Description of the condition
The spread and volume of HIV care and treatment services has increased markedly in low and middle-income countries (LMIC). As of mid-2011, over 6 million people were receiving antiretroviral therapy (ART) in LMIC. In spite of progress to date, the global coverage for ART is still below 50% (UNAIDS 2011). The current rate of enrolment of patients on ART is insufficient to reach the global goal.
An effective service needs HIV testing and counselling services to be linked to HIV care and treatment; requires ART initiation as early as recommended by WHO; and a service that retains patients. This will help decrease AIDS-related mortality, reduce costs and maximize efficiency gains, and avert new infections (Ford 2011). Yet there are a number of constraints at all of these steps; for example, recent systematic reviews have indicated that, for those who do initiate ART, retention in care is a major challenge, with around 30% of patients estimated to be lost to follow-up within 24 months of initiating ART (Fox 2010). Access to care appears to be an important driver of poor retention, with transport costs, time spent travelling to health facilities, and time waiting for services at health facilities all cited as reasons for defaulting (Kagee 2011; Miller 2010; Ware 2009).
Description of the intervention
In order to increase access to care -- both to allow more people to be treated, and for those that are in care, to improve retention -- a number of countries have introduced two important, linked adaptations to the traditional, "Western-based" model of care provision: first, the "task shifting" of treatment from more highly trained specialists and medical practitioners to nurses; secondly, the decentralisation of ART care delivery from hospitals to more peripheral health facilities.
Task shifting is the process whereby specific tasks are transferred to different cadres of health workers who have had less training and have fewer qualifications. Task shifting aims to make efficient use of existing health care workers in order to ease delays in service delivery (WHO 2008). Task shifting may also include the delegation of clearly-outlined duties to various levels of health workers who receive specific, skills-based training. Task-shifting should result in an equivalent standard of care to that provided by higher cadres of health workers. There are trials and systematic reviews and reports that nurses can provide care that is at least as good as that provided by physicians (Laurant 2004; Sanne 2010).
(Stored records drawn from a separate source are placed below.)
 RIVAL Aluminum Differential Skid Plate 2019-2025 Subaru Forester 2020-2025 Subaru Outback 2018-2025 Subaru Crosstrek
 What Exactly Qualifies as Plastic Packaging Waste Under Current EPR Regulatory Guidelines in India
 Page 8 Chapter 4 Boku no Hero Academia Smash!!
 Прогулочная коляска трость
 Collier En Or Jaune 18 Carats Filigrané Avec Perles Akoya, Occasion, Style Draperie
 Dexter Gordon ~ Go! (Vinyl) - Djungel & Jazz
Decentralisation of care is key for efficient service delivery, including increasing access to care for large numbers of patients not yet in care, and facilitating treatment closer to the homes of patients, thereby improving convenience and reducing travel costs. The overall aim is to improve retention in care, which is a critical outcome for successful and sustained HIV/ADS treatment. This review primarily interrogates the value of decentralisation of care, and the related programmatic indicator of success, retention in care. Task shifting is being addressed by a separate Cochrane review (Araoyinbo 2008).
How the intervention might work
The benefits of decentralisation include increased access to care, which, in turn, may improve health outcomes: it may increase the individual patient attention by nurses and counsellors, as there may be lower staff to patient ratios; and the point of care may be closer to the community, and the increased access may reduce defaulting and treatment failure (Fatti 2010).
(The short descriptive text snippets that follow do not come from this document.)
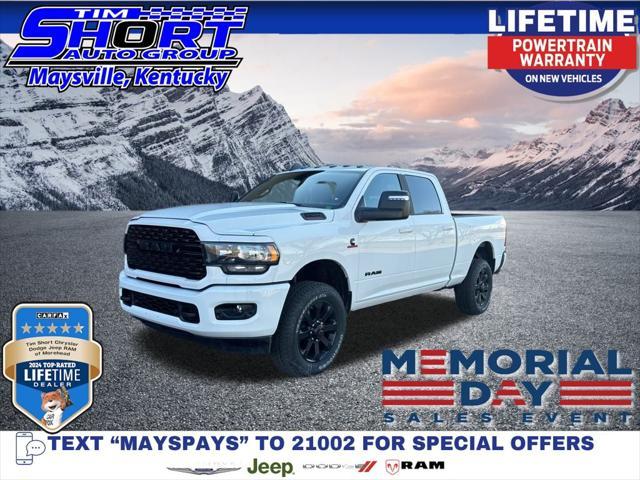 new 2024 Ram 2500 car, priced at $59,943
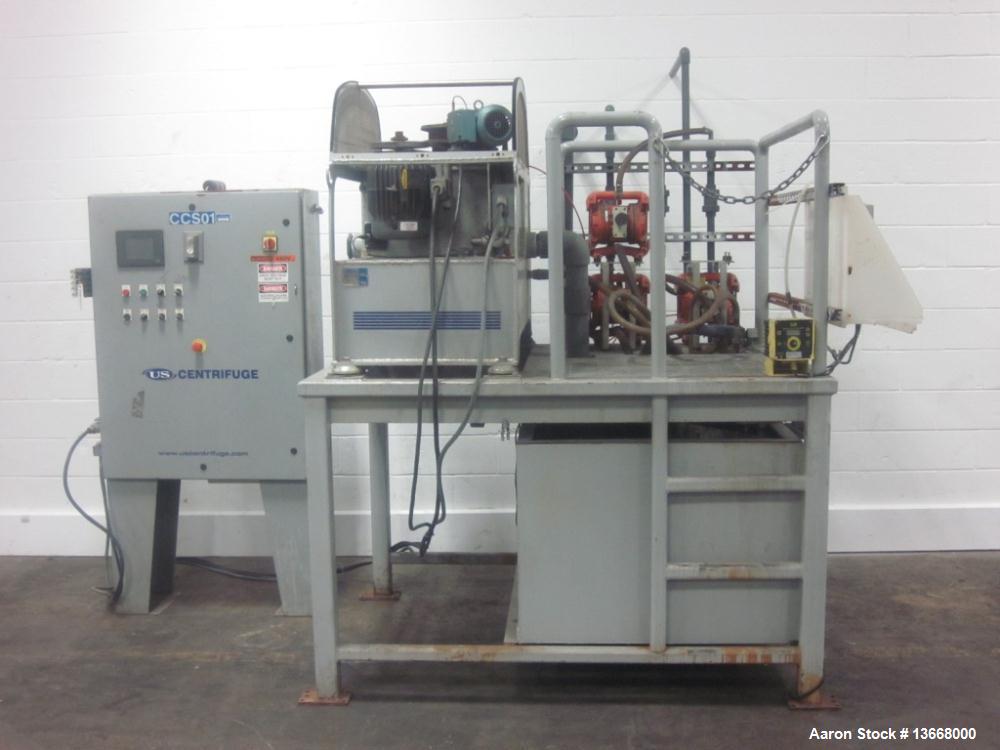 Used US Centrifuge, Model A420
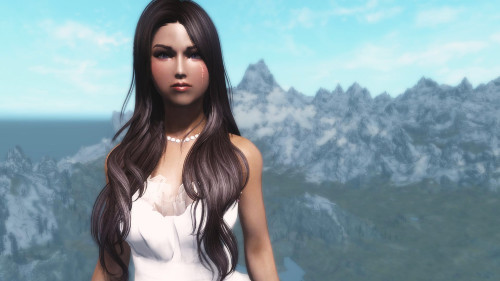 skyrim female character creation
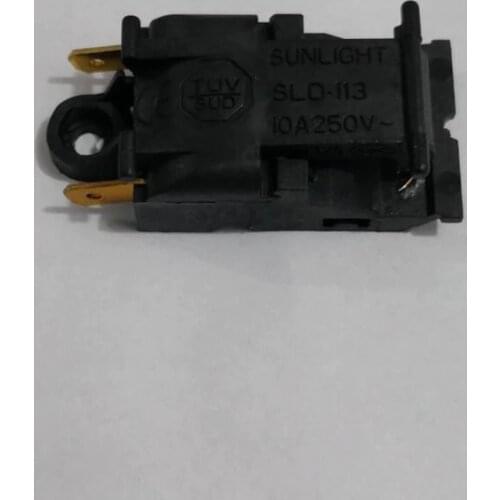 Quality Electric Kettle Parts Thermostat Steam switch SLD-113 10A 250V 46X21mm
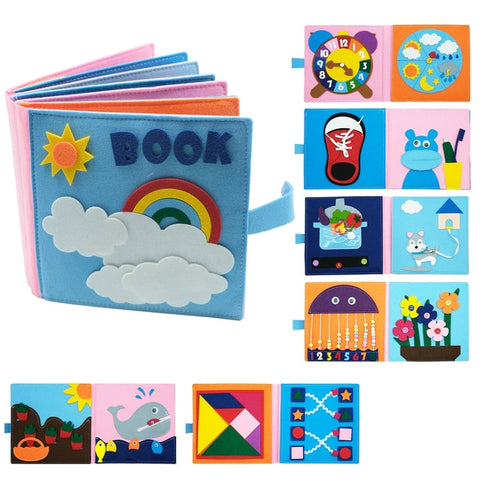 Kids Learn & Grow Montessori Story Book – Fun & Educational Reading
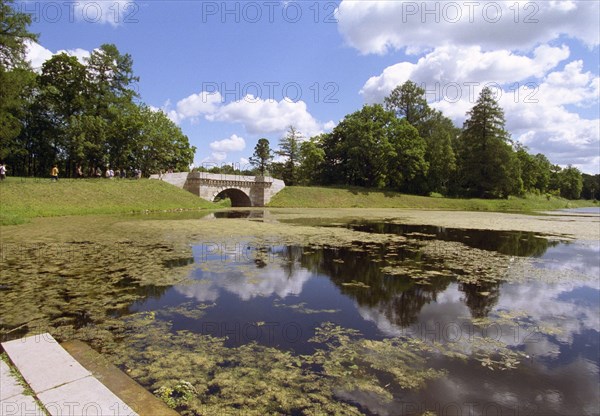 The throne hall of the gatchina palace (in picture) a favourite palace of the russian emperors will be opened for visitors to the summer season after the reconstruction.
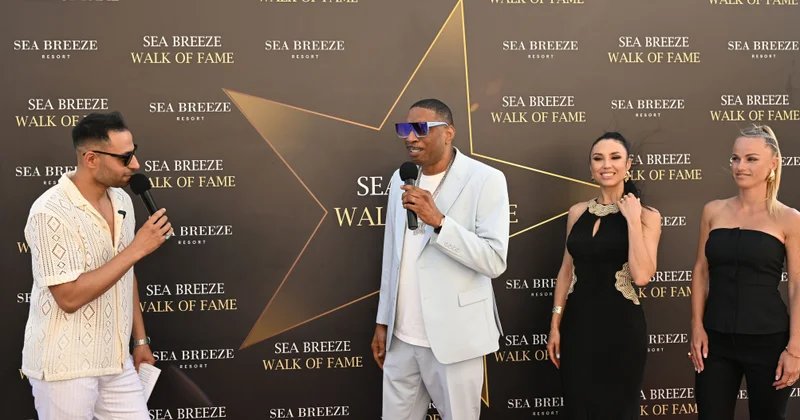 “Sea Breeze Walk of Fame” Şöhrət xiyabanında yeni adlı ulduzların açılış mərasimi keçirilib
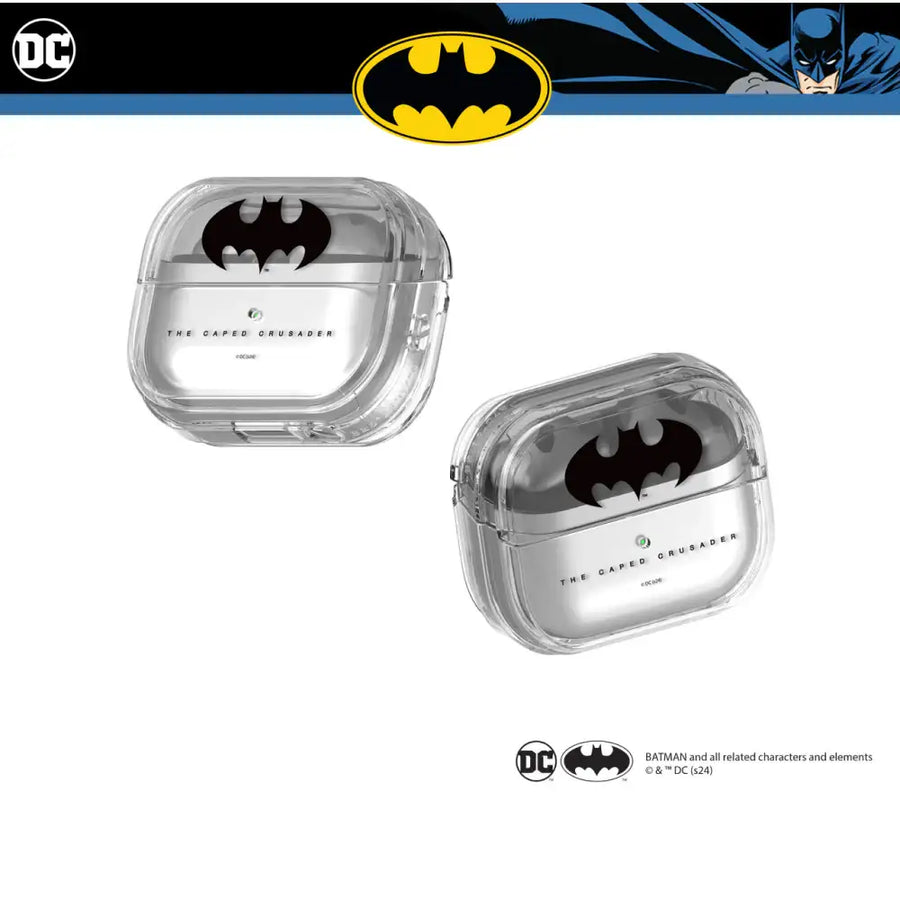 SLBS - Batman Clear Cover (Galaxy Buds3 Pro) - SLBS - Buds Case - Harumio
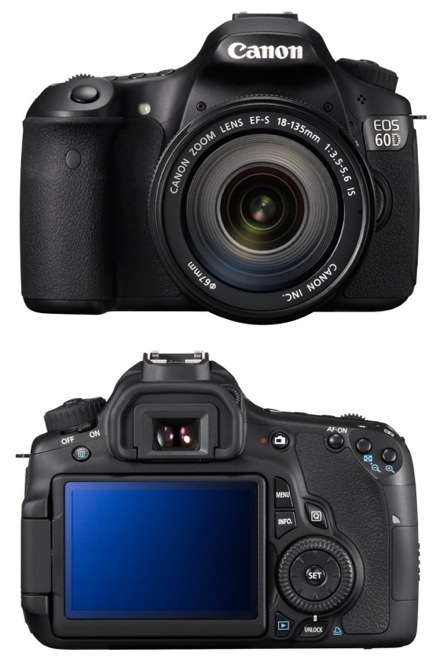 Canon EOS 60D,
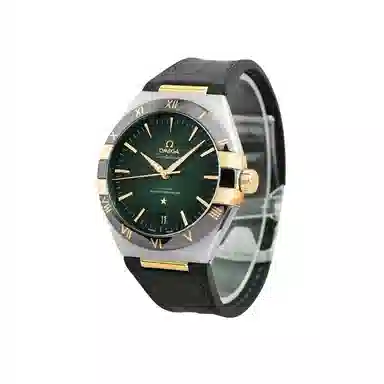 OMEGA Constellation 41mm Green Dial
On the other hand, there is legitimate concern that the provision of care at lower levels of the health service may result in decreased quality of care and poorer clinical outcomes (Decroo 2009). Given these uncertainties, the extent to which HIV/AIDS treatment is available via decentralised services varies considerably between and within countries. There is a need for clarity around the risks and benefits of decentralising ART service in order to inform future operational guidance.
One of the problems in cross-national comparisons of HIV care is in terminology. First, with terminology of health services, and secondly with models of decentralisation. For health services, the problem is that "community," "health post," "health centre" and "hospital services" vary in meaning and in what they represent between countries. For example, a health centre in Tanzania has paramedical staff, and is equivalent to a district hospital in Thailand.
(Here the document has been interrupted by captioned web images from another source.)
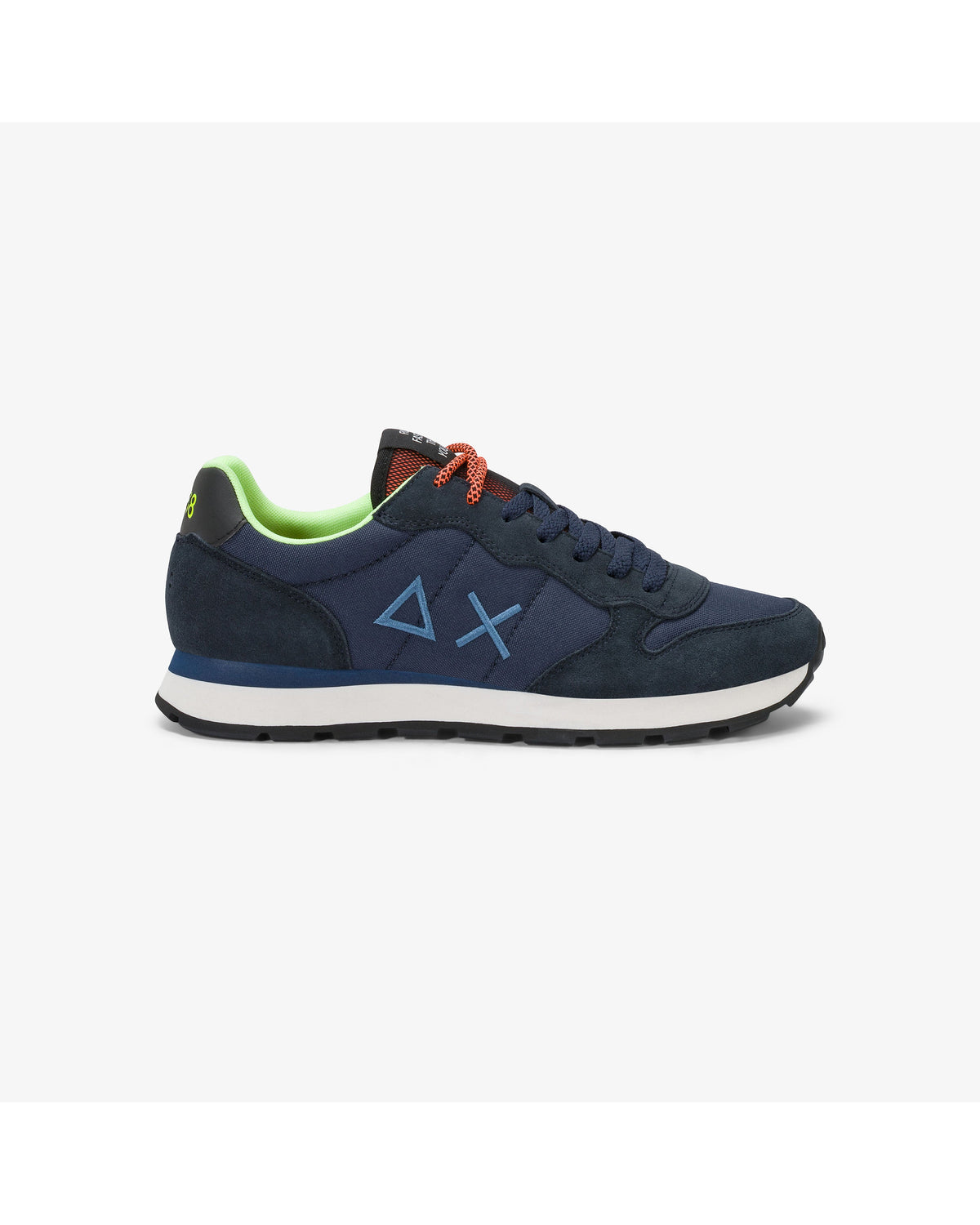 Sneakers Sun68 Tom Fluo uomo Blu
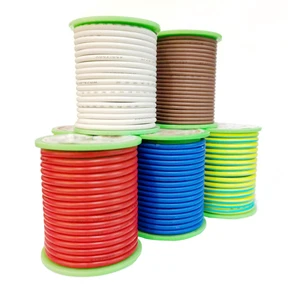 American Standard 600V Stranded Electronic Wire Cable UL3321 Low Smoke Halogen Free XLPE Flame-Retardant 2-30AWG Flat Shape IP67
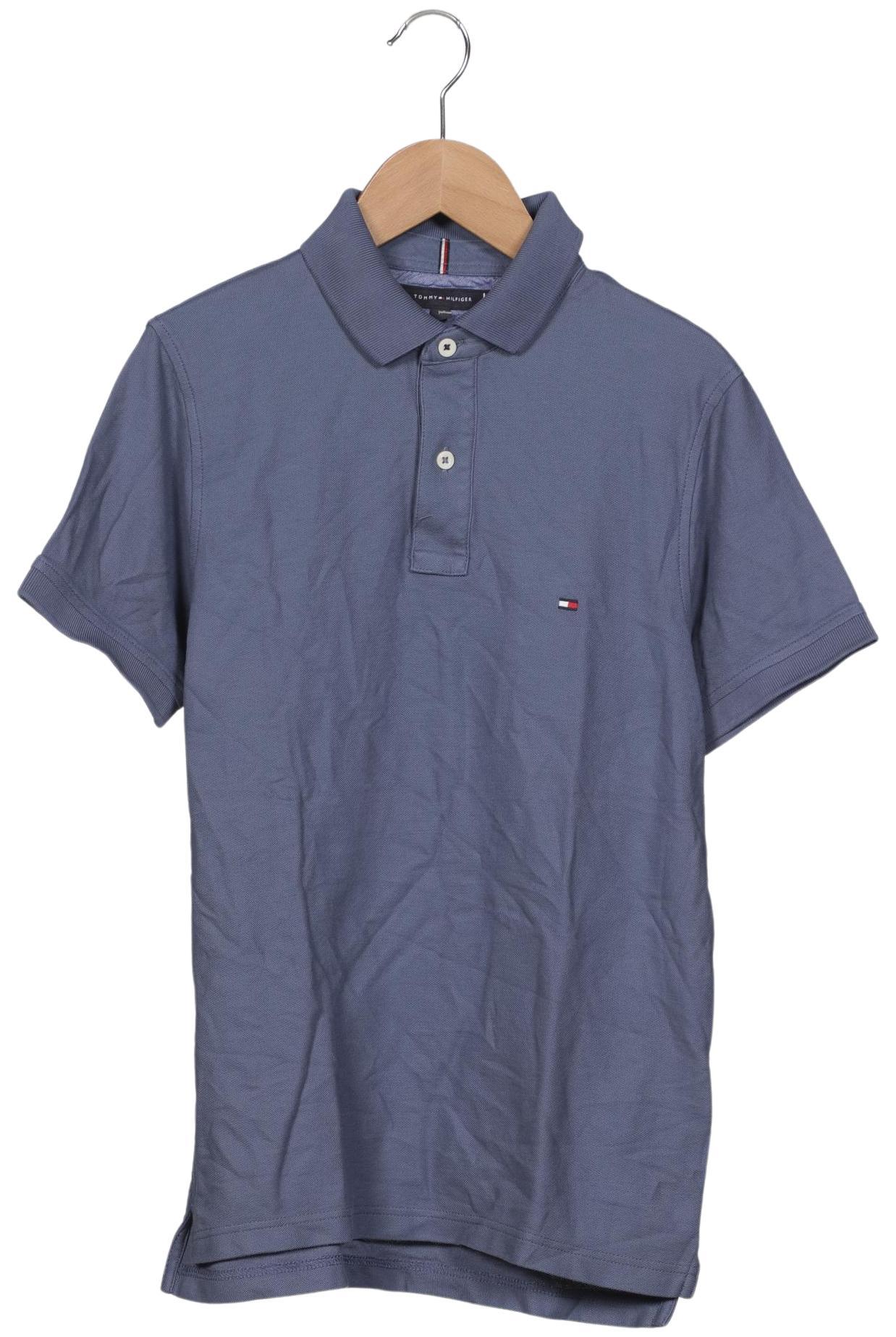 

Tommy Hilfiger Herren Poloshirt, blau, Gr. 48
In this review, we define each "tier" in the health system by the staffing configuration they have (Table 1). Thus, for community, the care is provided by someone with only a few months training; for a health centre, this is led by a paramedic or nurse; for a hospital, it is led by a doctor; and for an advanced hospital, there are specialist doctors present. In the table we also define community in three categories: family member, village volunteer, or a primary health care clinic with a nurse aide or community health worker. At community care level, systems may thus be established to deliver treatment at household level. This framework is to help describe different programmes, but it may be modified in the light of models identified in the literature.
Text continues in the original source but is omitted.